Your instructions
In the records that follow, locate every line with "Card" and extract it.

★ ★ ★

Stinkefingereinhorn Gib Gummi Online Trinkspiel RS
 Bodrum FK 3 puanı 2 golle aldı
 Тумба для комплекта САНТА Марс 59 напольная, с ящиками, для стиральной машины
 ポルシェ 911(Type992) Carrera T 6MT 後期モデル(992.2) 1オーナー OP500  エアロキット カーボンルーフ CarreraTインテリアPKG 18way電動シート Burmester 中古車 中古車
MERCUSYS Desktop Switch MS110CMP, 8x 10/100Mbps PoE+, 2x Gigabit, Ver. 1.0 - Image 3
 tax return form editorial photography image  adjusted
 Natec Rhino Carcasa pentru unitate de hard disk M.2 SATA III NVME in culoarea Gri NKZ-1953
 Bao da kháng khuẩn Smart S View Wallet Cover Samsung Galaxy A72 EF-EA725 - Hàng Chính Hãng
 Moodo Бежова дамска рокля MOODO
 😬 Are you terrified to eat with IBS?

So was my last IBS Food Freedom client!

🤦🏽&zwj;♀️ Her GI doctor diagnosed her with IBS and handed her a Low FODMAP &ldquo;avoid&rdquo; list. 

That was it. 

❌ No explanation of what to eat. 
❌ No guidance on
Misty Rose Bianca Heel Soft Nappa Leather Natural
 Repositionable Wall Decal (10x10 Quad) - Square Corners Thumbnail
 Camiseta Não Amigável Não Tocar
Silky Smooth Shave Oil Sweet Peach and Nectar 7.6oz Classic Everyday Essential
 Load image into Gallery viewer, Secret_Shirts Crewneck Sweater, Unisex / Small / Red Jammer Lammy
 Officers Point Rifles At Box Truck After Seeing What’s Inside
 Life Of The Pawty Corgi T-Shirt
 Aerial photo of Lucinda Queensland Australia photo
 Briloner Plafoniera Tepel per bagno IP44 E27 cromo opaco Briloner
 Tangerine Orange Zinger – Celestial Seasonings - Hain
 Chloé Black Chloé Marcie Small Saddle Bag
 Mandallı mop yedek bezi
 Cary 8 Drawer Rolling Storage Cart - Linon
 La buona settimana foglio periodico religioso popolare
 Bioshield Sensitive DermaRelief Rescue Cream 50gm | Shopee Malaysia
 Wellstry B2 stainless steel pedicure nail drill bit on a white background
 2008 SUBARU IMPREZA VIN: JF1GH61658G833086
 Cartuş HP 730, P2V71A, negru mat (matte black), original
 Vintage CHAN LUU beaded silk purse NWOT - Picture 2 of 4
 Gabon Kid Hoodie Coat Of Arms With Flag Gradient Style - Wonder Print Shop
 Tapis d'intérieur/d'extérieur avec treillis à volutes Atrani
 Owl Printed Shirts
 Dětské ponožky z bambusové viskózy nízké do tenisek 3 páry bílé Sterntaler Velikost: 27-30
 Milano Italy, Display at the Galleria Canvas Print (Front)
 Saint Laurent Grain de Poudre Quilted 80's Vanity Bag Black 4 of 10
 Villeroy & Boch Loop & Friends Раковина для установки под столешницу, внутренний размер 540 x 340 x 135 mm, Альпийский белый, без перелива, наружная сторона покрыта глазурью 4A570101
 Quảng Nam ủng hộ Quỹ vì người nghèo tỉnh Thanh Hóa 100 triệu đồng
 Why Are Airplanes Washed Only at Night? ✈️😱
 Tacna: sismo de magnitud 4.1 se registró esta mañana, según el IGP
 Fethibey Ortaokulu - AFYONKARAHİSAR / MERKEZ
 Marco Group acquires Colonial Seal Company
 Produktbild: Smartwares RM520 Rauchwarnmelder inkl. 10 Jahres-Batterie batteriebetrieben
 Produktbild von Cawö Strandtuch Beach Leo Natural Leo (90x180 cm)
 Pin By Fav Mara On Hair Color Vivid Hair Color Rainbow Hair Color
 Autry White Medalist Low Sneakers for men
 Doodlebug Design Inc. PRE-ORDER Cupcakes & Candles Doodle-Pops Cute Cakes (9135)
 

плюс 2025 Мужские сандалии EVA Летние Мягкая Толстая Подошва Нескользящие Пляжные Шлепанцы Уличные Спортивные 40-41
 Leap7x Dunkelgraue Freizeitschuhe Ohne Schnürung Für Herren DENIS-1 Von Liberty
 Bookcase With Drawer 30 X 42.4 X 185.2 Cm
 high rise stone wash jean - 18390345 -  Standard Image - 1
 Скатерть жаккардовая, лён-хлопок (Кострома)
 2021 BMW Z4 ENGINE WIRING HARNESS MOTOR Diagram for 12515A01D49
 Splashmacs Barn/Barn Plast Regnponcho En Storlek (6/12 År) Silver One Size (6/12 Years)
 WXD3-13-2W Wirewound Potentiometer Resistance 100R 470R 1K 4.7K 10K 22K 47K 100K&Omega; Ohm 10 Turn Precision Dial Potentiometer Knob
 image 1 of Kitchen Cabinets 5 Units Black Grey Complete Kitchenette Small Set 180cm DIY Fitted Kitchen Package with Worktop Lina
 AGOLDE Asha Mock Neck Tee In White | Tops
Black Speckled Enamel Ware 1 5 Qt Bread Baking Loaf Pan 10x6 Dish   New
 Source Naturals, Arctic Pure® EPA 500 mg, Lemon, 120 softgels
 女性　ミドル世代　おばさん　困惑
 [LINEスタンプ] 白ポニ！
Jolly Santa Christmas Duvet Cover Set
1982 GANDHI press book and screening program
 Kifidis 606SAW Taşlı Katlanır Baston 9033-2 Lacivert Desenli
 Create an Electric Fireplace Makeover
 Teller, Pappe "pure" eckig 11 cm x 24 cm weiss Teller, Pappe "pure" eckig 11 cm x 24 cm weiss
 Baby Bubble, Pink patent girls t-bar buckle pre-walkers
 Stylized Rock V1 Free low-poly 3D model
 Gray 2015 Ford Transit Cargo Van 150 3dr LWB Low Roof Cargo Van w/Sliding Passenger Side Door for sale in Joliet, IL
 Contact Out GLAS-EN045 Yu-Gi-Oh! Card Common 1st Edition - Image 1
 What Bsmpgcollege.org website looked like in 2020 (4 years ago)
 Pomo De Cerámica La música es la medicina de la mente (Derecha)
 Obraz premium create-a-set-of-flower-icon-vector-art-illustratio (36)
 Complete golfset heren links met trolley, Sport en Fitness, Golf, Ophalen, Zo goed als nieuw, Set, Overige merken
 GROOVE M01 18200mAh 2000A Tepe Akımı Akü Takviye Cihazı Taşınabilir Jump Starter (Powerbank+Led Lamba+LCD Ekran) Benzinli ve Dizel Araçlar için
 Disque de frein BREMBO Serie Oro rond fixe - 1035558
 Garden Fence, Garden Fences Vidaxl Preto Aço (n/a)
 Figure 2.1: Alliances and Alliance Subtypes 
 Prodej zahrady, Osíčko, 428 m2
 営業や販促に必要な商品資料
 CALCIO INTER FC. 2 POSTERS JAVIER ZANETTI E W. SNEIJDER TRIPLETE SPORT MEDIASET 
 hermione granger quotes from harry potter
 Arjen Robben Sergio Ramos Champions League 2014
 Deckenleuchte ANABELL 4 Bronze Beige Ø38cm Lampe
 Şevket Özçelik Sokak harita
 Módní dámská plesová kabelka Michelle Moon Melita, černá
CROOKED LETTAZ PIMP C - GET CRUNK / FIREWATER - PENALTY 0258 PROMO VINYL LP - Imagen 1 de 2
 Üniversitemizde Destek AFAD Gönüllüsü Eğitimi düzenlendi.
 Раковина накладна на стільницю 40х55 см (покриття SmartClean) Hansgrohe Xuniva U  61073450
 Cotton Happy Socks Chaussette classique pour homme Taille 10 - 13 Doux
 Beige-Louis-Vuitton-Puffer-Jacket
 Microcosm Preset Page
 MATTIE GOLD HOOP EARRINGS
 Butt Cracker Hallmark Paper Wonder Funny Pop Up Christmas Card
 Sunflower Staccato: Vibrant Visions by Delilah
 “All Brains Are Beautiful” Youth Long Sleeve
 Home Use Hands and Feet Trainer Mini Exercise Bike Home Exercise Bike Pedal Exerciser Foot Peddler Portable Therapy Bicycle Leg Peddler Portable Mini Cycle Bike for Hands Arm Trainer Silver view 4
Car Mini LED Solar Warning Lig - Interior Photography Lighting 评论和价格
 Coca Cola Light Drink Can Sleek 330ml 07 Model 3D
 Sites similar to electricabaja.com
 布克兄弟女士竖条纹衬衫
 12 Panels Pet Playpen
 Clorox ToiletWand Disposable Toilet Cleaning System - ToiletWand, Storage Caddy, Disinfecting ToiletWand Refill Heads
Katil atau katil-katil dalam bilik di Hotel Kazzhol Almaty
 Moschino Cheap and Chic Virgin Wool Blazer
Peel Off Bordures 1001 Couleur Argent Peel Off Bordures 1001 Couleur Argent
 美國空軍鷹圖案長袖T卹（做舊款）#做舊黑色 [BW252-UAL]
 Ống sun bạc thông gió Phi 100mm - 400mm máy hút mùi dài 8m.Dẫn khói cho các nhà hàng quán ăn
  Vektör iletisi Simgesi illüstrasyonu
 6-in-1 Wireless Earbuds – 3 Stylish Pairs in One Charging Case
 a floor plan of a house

★ ★ ★

Written answer
 Contact Out GLAS-EN045 Yu-Gi-Oh! Card Common 1st Edition - Image 1
 Butt Cracker Hallmark Paper Wonder Funny Pop Up Christmas Card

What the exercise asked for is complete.